I love the TV upfront. There, I said it. It feels liberating to admit.
This is not a very popular position to take regarding one of our industry's most maligned traditions.
Every year around this time, CBS Corp. CEO Les Moonves plays fortune-teller: "I see double digits in your future, and 13 is now your lucky number." Later there's the traditional "Count the House Tango," a clumsy dance in which sales executives try to get the buyers to lead by asking them to disclose how much their clients' budgets have changed from the previous year. In between you can hear the hue and cry over the injustice of the big, bad upfront.
The upfront is ridiculed, in both good times and bad, for being anachronistic and exclusionary, for placing transactional expediency above adaptation to constantly emerging technologies and media consumption trends.

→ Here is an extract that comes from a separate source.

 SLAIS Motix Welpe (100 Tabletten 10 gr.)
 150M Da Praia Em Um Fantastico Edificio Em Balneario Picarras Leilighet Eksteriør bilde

I will defend the highly resilient upfront, though, and not just for the obvious reasons, like the chance to hear another network programming executive say, "This is the project that we've been begging so-and-so for years to star in," or "We can now sell you a full 540 degrees of marketing around this show." (The broadcast networks and a few major cable channels will make their big presentations to ad buyers next week, and they will definitely say a few things like that .)

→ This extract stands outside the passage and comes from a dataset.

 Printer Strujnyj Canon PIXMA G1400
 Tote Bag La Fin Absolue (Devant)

I actually believe the upfront remains a highly effective forum for TV's biggest customers to achieve long-term competitive advantages, not to mention stability with manageable flexibility, based on a year's worth of strategies, analyses, research, planning and, yes, even negotiations.
One key knock against the upfront is that the concentrated negotiating window of the marketplace is not conducive to higher-level thinking and deeper collaboration. But that fails to acknowledge the months and months of planning and discussions (and yes, discussions are really part of the negotiation process) leading up to that final round of deal-making in the spring and summer.
Just as you would not limit the definition of "shopping" to your time actually standing at the cash register, good media agencies are "trying on" media clothing for their clients all year long, chatting with eager salespeople in an effort to find the right purchases at an affordable price. (I can hear it now: "Will this sponsorship make my client's ROI look fat?" "Do you have something with similar ratings , but within my budget?" "Are you kidding me? Do I look like I'm made of money? Get me your manager!")
Sure, when it comes down to the price negotiations (and often, that 's about all that 's left to settle by the time of the upfront itself), the pace is fast and furious, but I wouldn't have that part any other way.
After all, where would we be without our upfront war stories? What client wants to hear that you calmly and civilly came to agreement on media inflation with a particular vendor at 2:30 in the afternoon after a leisurely sushi lunch, when you could have battled for that same resolution at 4 in the morning after having stayed awake for 72 hours, in a violent fit of pique that could be accurately visualized only by Quentin Tarantino? Here's some simple media math: Sleep deprivation = pity = a slightly less aggravated client.
Even as buyers complain, however, many media companies have recently been rethinking their upfront bashing.
Like the nerdy kids in high school who can't stand the popular kids and express their antipathy through resentment ("Those network kids think they're so cool with their fancy dayparts and firm budgets"), mockery ("Dude, no matter how loaded your parent company is , do you think you are going to graduate with those ratings ?") and envy ("I wish the agencies would text me for flight dates instead of those mature networks"), the rest of the media industry now has an "if you can't beat 'em, join 'em" mentality.
In a boon to the ballroom-rental and shrimp-cocktail businesses in NYC, virtually every media company now wants to chase the upfront money. (The rules to this game are simple. No matter what media content and platform you represent, you have to convince the other players that it is just like TV. The winner has money thrown at it by the other players and then tenders an IPO).
But does simply willing it to happen make it so? If it did, I would be getting ready for my next start on the mound at Yankee Stadium instead of sitting at my desk typing. And if the upfront is going to outlast its detractors, does it require significant reinvention, given the breathtaking transformation and expansion of the media universe?